[WHAT IS NEEDED] Word for word, restate the entries below, but exclude the images.

Caption-style text data
^^^^^^^^

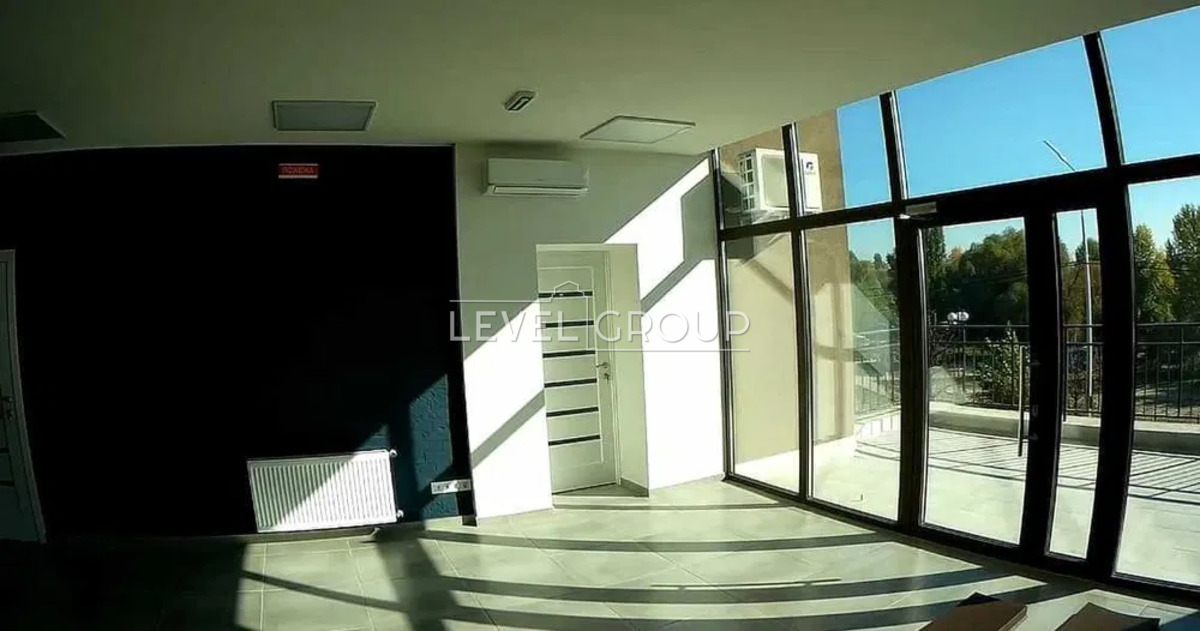 Прирічна вул.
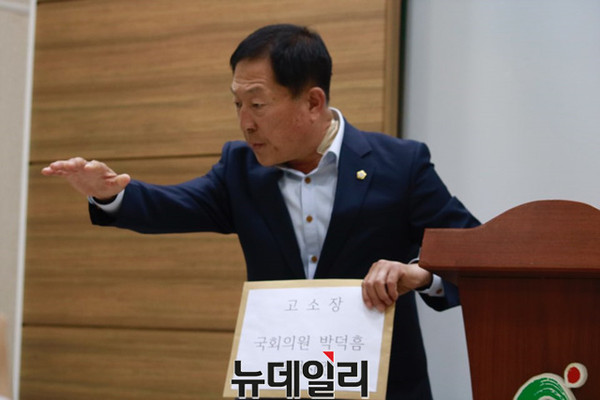 ▲ 충북 영동군의회 박계용 의원이 30일 충북도청에서 검찰에 제출한 고소장을 들고 당시 상황을 설명하고 있다.ⓒ김종혁 기자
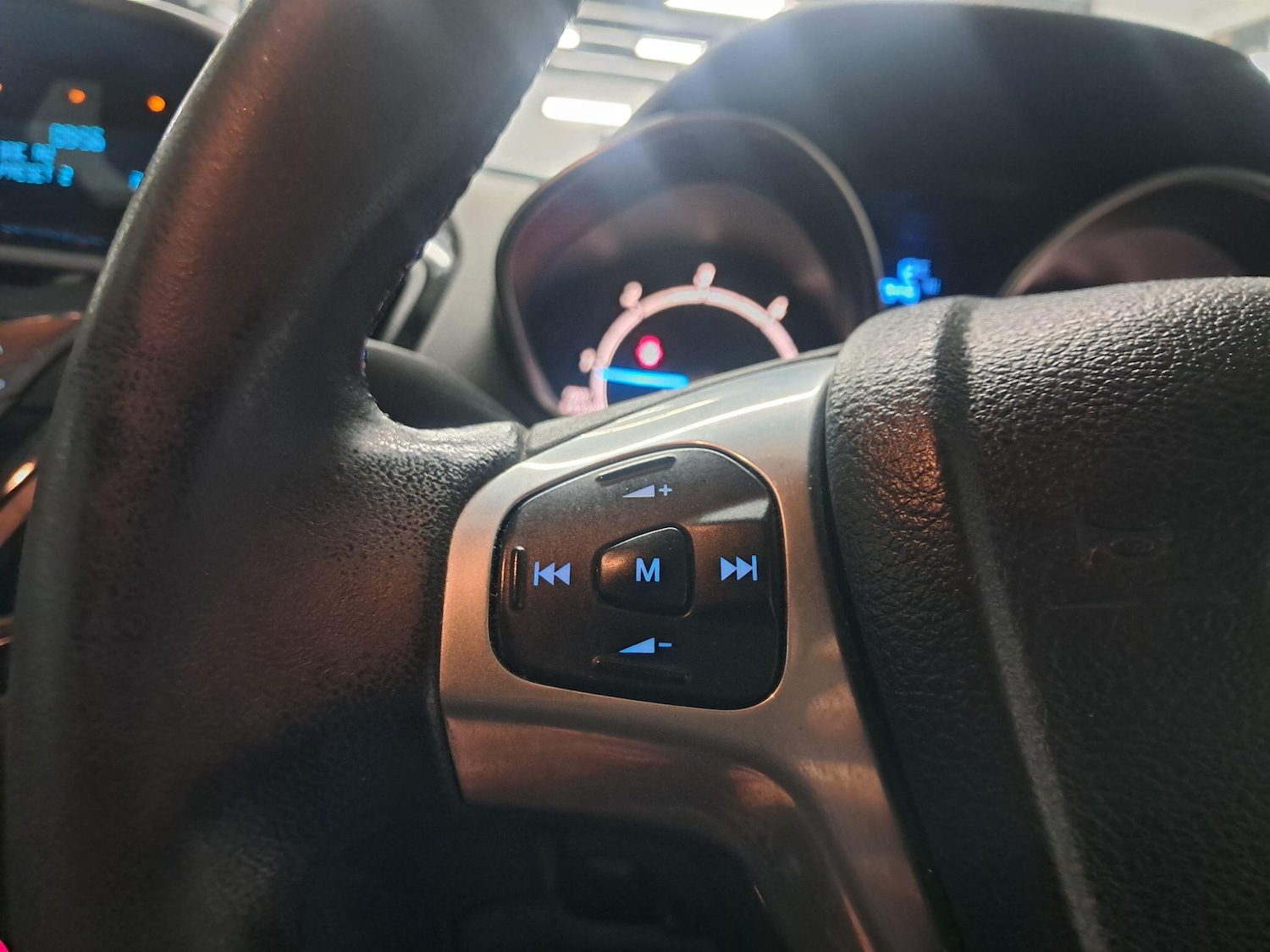 Used Ford B-MAX 2013 for sale - 76326235: Photo 22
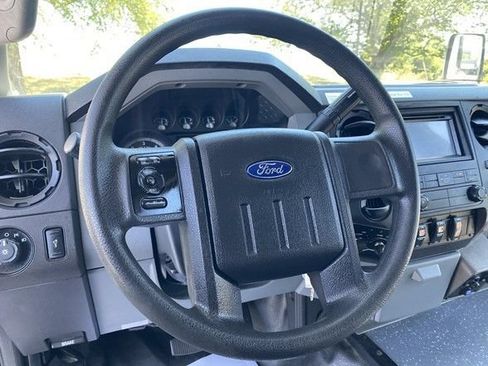 Used 2014 Ford F550 2WD Regular Cab Super Duty image 14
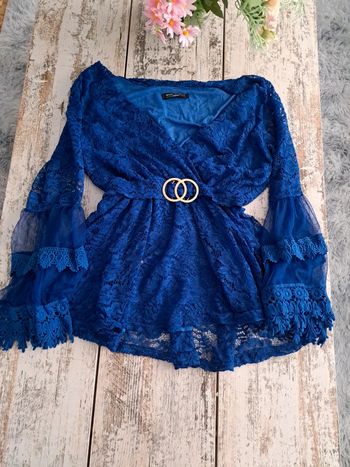 Magnifique haut en dentelle bleu foncé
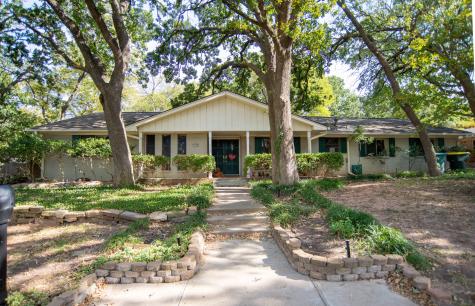 1804 Catalina Circle Sherman TX 75092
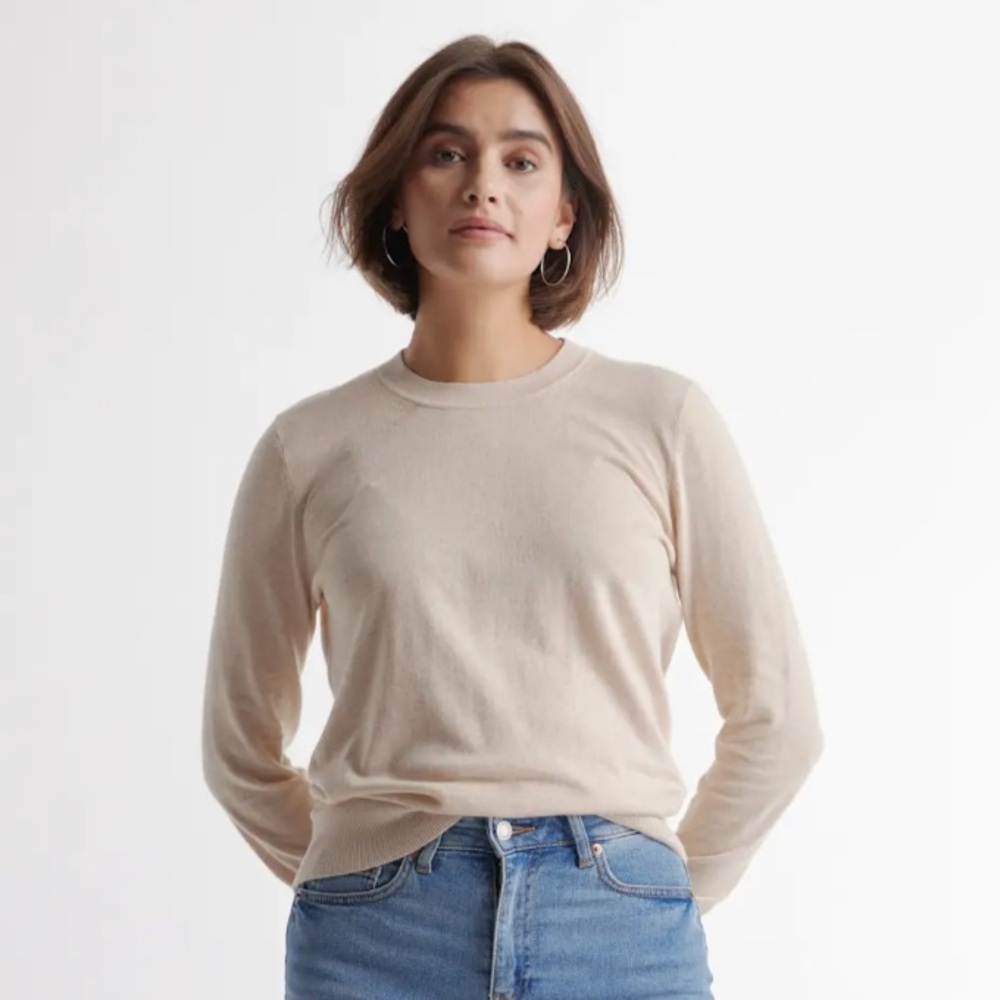 Lightweight Cotton Cashmere Crew Sweater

^^^^^^^^

[ANSWER SPACE]
 Прирічна вул.
 ▲ 충북 영동군의회 박계용 의원이 30일 충북도청에서 검찰에 제출한 고소장을 들고 당시 상황을 설명하고 있다.ⓒ김종혁 기자
 Used Ford B-MAX 2013 for sale - 76326235: Photo 22
 Used 2014 Ford F550 2WD Regular Cab Super Duty image 14
 Magnifique haut en dentelle bleu foncé
 1804 Catalina Circle Sherman TX 75092
 Lightweight Cotton Cashmere Crew Sweater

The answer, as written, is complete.